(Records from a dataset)
====================

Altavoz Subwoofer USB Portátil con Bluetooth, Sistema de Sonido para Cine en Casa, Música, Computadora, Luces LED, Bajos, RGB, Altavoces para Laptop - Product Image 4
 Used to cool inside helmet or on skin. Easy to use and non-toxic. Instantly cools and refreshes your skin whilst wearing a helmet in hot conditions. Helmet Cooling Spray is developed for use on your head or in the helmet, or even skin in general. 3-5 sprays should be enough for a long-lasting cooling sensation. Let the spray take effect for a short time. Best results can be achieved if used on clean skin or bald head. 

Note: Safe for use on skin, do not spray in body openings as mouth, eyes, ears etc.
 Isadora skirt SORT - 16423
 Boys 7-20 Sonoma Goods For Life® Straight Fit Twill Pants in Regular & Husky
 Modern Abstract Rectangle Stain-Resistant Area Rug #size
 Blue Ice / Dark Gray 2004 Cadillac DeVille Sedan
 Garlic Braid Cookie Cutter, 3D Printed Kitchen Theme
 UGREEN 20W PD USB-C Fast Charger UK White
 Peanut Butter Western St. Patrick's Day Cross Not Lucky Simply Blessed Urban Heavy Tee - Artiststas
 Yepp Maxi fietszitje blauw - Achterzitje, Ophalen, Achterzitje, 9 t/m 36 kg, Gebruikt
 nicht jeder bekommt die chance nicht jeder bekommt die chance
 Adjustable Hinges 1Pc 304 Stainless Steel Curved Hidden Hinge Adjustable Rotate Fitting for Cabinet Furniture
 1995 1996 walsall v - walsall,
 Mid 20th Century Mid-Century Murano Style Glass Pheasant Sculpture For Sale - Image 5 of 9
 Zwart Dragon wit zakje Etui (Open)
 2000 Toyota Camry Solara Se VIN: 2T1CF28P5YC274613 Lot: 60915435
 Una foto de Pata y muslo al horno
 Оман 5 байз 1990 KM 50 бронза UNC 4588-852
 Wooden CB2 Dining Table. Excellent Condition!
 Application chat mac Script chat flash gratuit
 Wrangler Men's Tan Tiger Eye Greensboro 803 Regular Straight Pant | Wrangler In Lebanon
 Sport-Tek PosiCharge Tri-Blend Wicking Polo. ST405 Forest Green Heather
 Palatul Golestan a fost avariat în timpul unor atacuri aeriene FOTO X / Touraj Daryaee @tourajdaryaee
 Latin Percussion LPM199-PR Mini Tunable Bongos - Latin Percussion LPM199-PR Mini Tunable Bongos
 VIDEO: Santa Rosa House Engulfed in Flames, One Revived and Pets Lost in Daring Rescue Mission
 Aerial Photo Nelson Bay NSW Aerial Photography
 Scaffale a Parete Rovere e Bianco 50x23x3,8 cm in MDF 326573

====================

■ WHAT YOU ARE ASKED TO DO
Looking at the data above, return every line from the one with "Peanut Butter Western" down to the one with "1995 1996 walsall", exactly and inclusively.

■ EXERCISE RESULT
 Peanut Butter Western St. Patrick's Day Cross Not Lucky Simply Blessed Urban Heavy Tee - Artiststas
 Yepp Maxi fietszitje blauw - Achterzitje, Ophalen, Achterzitje, 9 t/m 36 kg, Gebruikt
 nicht jeder bekommt die chance nicht jeder bekommt die chance
 Adjustable Hinges 1Pc 304 Stainless Steel Curved Hidden Hinge Adjustable Rotate Fitting for Cabinet Furniture
 1995 1996 walsall v - walsall,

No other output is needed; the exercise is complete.